Don’t fall out with your relatives….

Sunday 30 September 2007 at 9:17 am | In News | Post Comment

The Mental Capacity Act 2005 comes into force on 1 October. It allows the ending of life of a patient by medical intervention. Bluntly, whilst euthanasia remains illegal it will be possible to kill patients by starving them to death or ceasing medical treatment.

“Living wills”, in which patients can set down what medical treatment they wish to be given, or not given, will be enforceable in law.

Many law students know of the House of Lords decision in Airedale NHS Trust v Bland [1993]. Anthony Bland was in persistent vegetative state from the age of 17 to 21, the hospital supported by his parents asked the court for permission to discontinue food and water, the House of Lords granted the request, and after a few weeks, he was dead.

The new Office of the Public Guardian will investigate complaints about the law. A Court of Protection has been set up to settle disputes.

If a doctor were to treat a patient against their wishes it will be an unlawful act and he/she could be prosecuted or face a claim for compensation.

The Islamic Medical Association has followed the Catholic Church’s earlier response in saying that its doctors should break the law, rather than comply with so-called ‘living wills’.

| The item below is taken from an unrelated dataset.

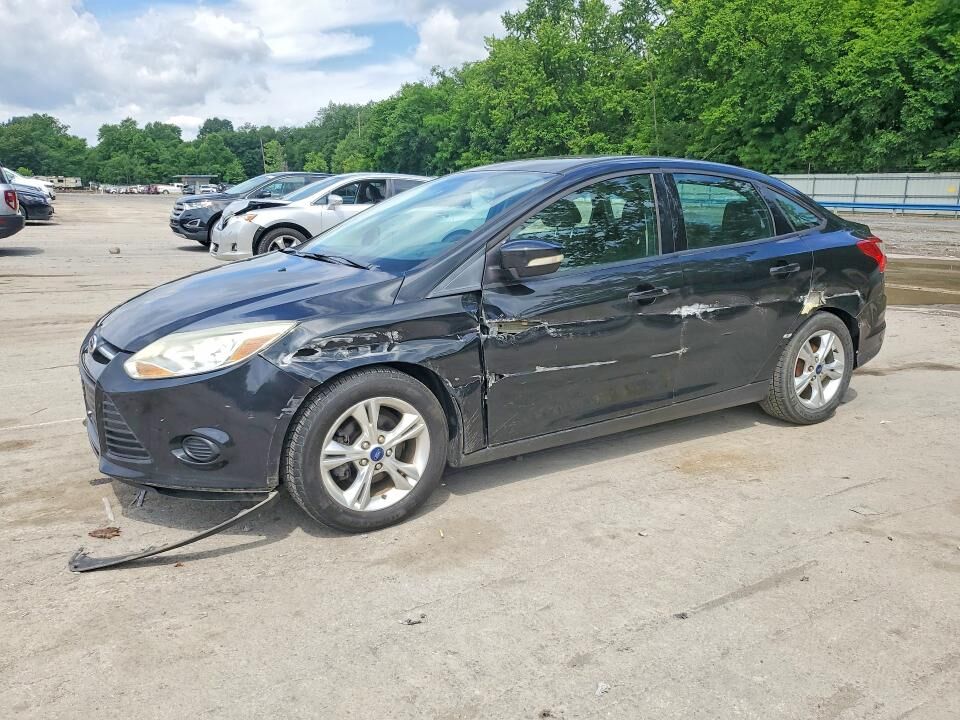 2014 FORD Focus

After the Bland case, Catherine Roberts was in a coma; doctors in Bournemouth were going to pull the plug of her breathing apparatus. Twenty-six-year-old Catherine blinked at her mother and poked her tongue out just one day away from her planned death.Catherine Roberts

Prison numbers reach all-time high

Saturday 29 September 2007 at 6:53 am | In News | Post Comment
Latest prison figures:
Prison Population September 2007 = 81,135
All time high, September 2007 = 81,135
Maximum capacity = 81,915

Source Ministry of Justice figures

New County Court fees from 1st October.

Wednesday 26 September 2007 at 5:33 am | In News | Post Comment
From 1st October the fees for using the small claims track in the County Court will change. For starting a very small claim, the fee goes down from £30 to £25. Although the Starting Fee is lowered overall most claimants will pay more.

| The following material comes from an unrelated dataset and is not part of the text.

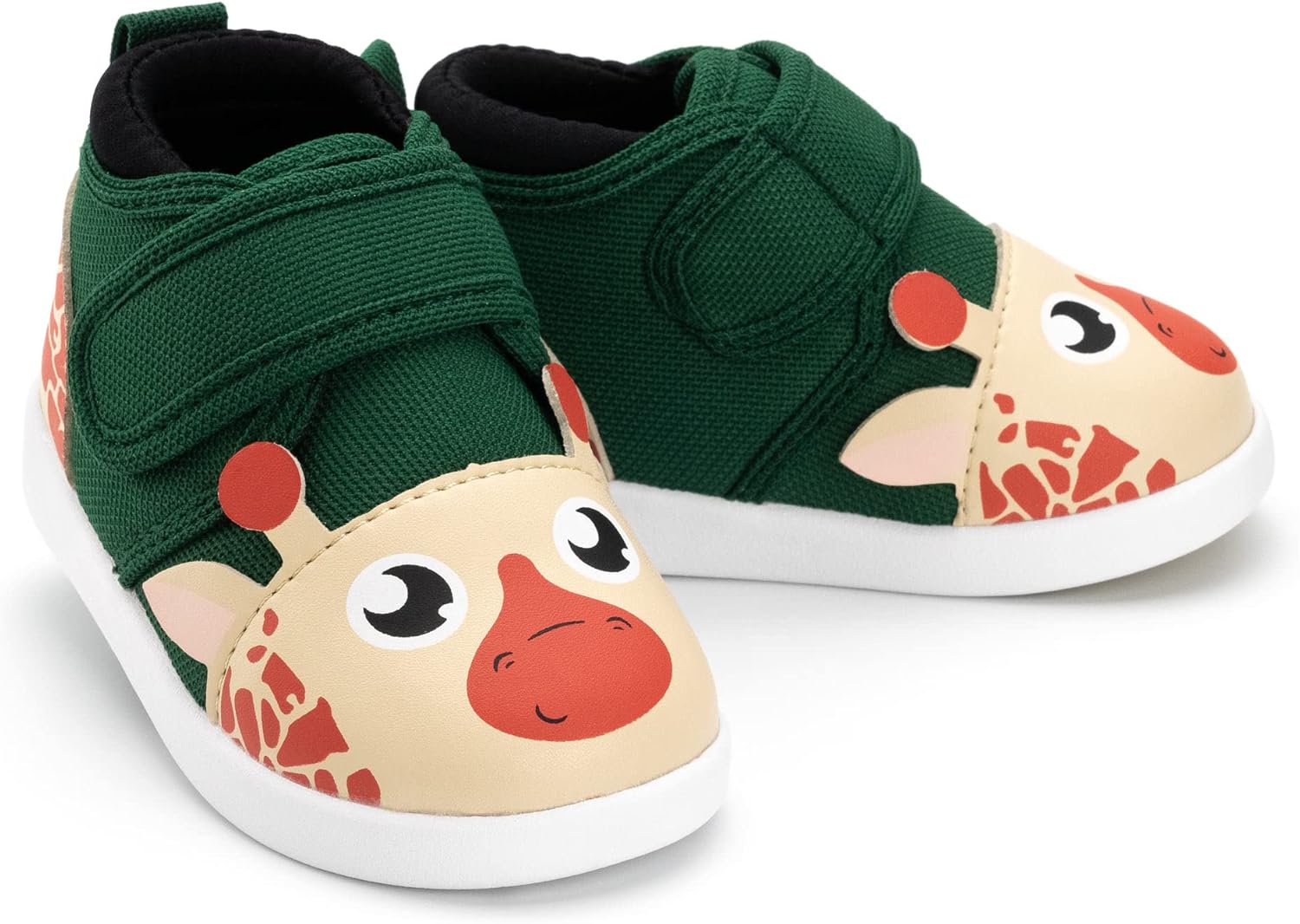 ikiki Squeaky Shoes for Toddlers with On/Off Squeaker Switch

If there is a hearing a new charge kicks in, minimum £25.

The maximum a claimant will have to pay will be £443, this would apply in defended cases over £3,000 in value.

Fees are made up of a Starting Fee, an Allocation Fee (when the case is defended) and a Hearing Fee (which is a new charge from 1st October).

A successful claimant will still be able to recover these fees together with the amount claimed from the defendant.

Also, on 1 October the age for buying cigarettes rises to 18, as most 16 year-olds know.

Barrister jailed for attempting to pervert the course of justice

Wednesday 19 September 2007 at 10:15 pm | In News | Post Comment

Barrister Bruce Hyman became the first barrister ever to be jailed for perverting the course of justice.   It was revealed at Bristol Crown Court that Hyman was representing a wife in a child custody battle and tried to discredit the father Dr Simon Eades, a Wall Street banker by writing a fictitious precedent. He emailed the ‘precedent’ to the father together with a fictitious note of support from the pressure group Families Need Fathers. Dr Eades then used the ‘precedent’ in court in support of his case, Hyman denounced it as a forgery, which of course it was.

The father faced jail and the loss of his child but he found that email had been sent from an internet shop in Tottenham Court Road and obtained CCTV pictures of Hyman.

New procedure; new judges

Friday 7 September 2007 at 5:15 pm | In News | Post Comment

The Judicial Appointments Commission’s (JAC) new selection procedure has resulted in the appointment of two High Court judges.

Judge Norris QC, will join the Chancery Division; Judge Maddison will join the Queen’s Bench Division.

The judges were appointed by The Queen, after the Lord Chancellor had accepted the recommendations of the JAC. The chairman of the JAC is Baroness Prashar.

The JAC’s new selection process was born through the new statutory framework set out in the Constitutional Reform Act 2005.

Get Carter…

Thursday 6 September 2007 at 7:53 am | In News | Post Comment

The Legal Services Commission (LSC) announced today that the “Carter” reforms of legal aid will be put on hold.

The reason is, a court judgment (judicial review) held that contract changes that altered the “economic balance” of the contract were not lawful.

In the meantime a general criminal contract will apply.

Judgment will be appealed and so the “Carter” reforms are still on the horizon.